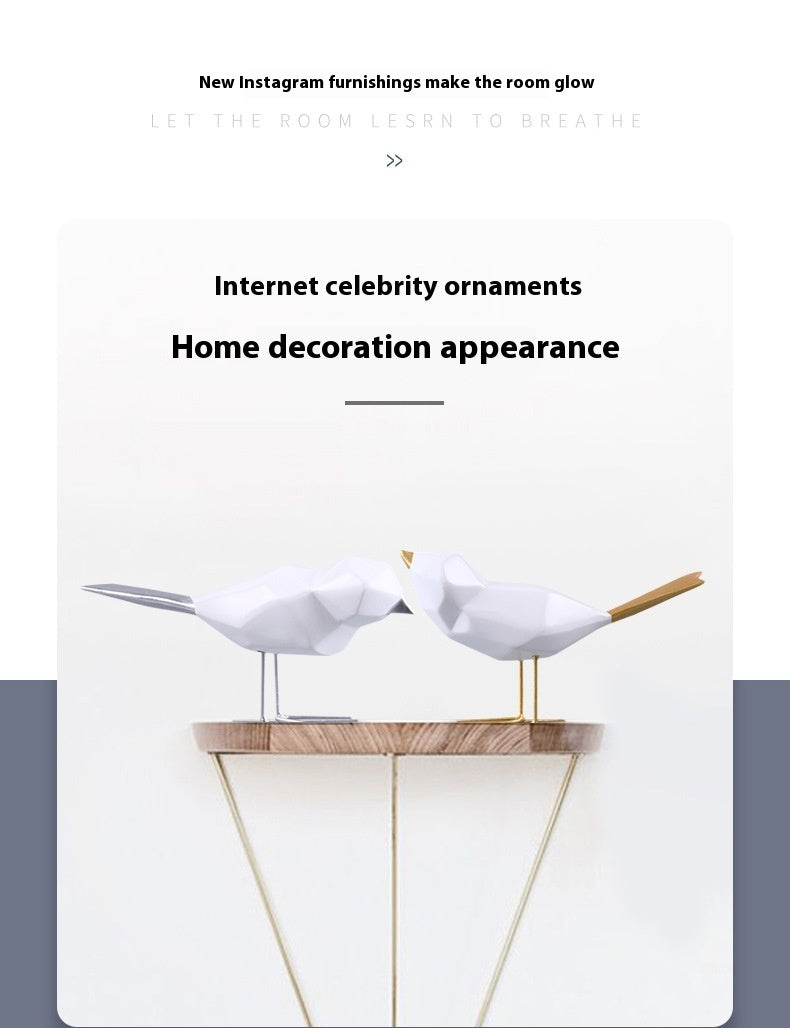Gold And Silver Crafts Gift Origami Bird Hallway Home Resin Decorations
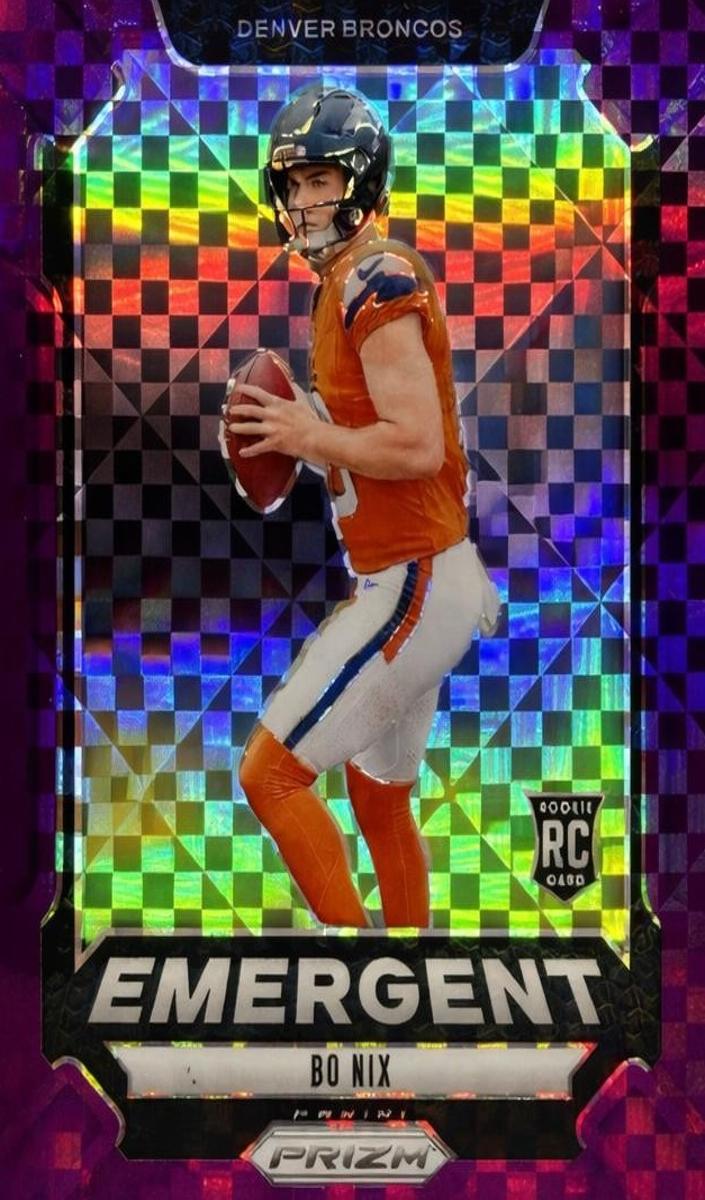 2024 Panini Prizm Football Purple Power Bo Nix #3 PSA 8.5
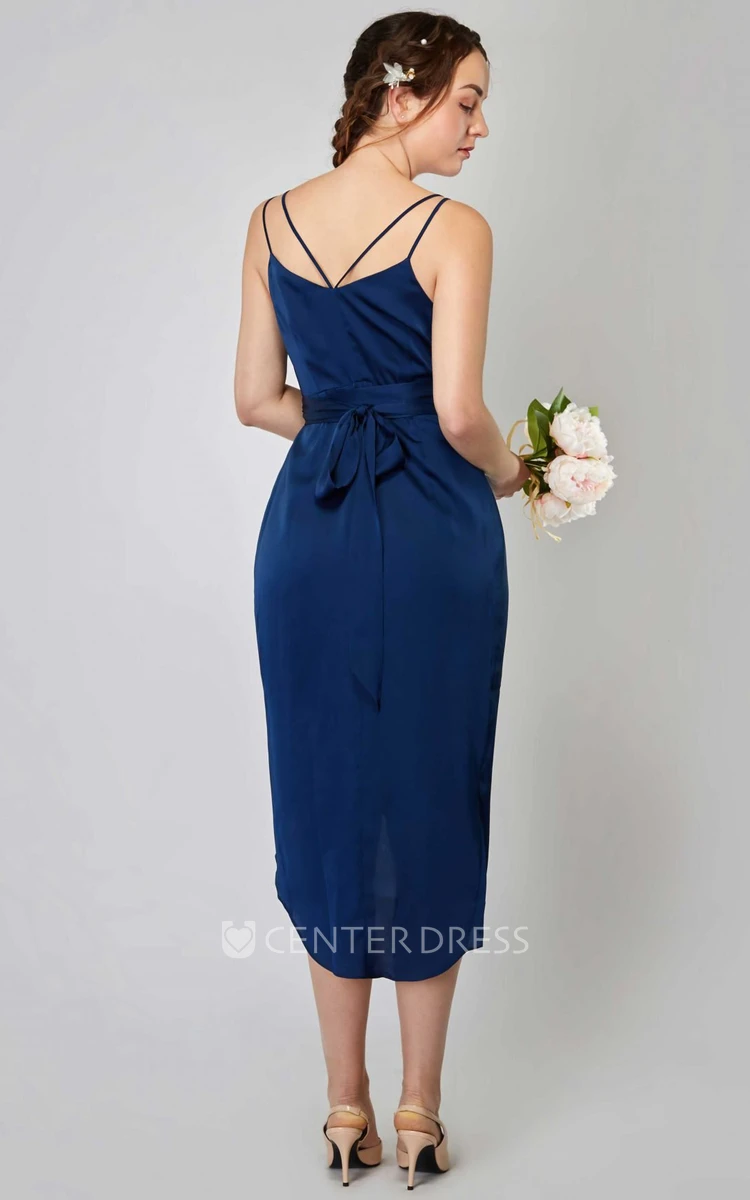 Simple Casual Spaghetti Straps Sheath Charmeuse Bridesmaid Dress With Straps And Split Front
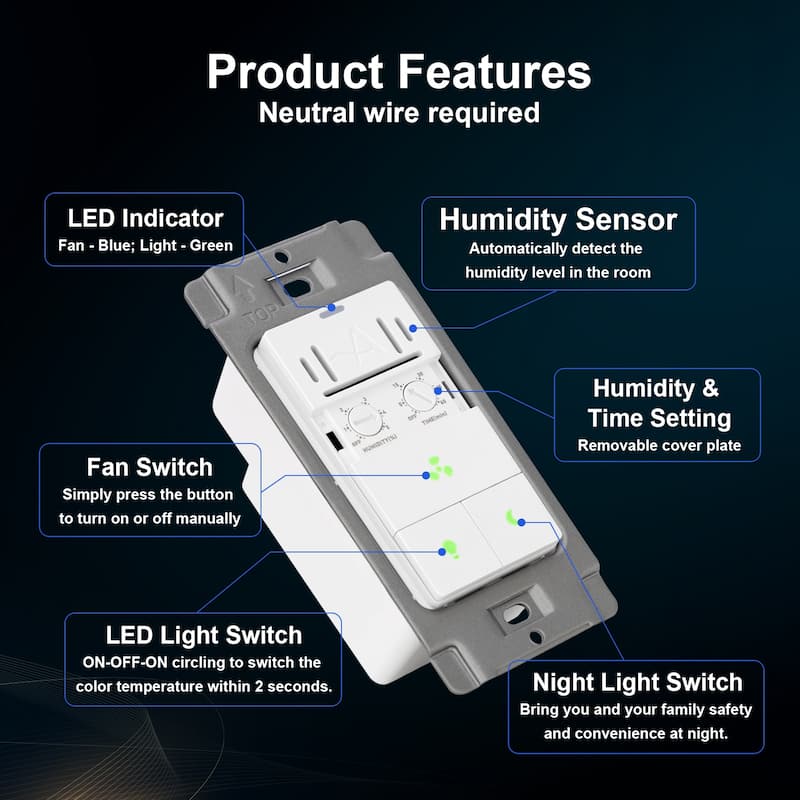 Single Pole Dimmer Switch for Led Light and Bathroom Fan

-------

**Your objective**
Each line above should be output exactly, apart from the pictures.

**Expected answer**
Gold And Silver Crafts Gift Origami Bird Hallway Home Resin Decorations
 2024 Panini Prizm Football Purple Power Bo Nix #3 PSA 8.5
 Simple Casual Spaghetti Straps Sheath Charmeuse Bridesmaid Dress With Straps And Split Front
 Single Pole Dimmer Switch for Led Light and Bathroom Fan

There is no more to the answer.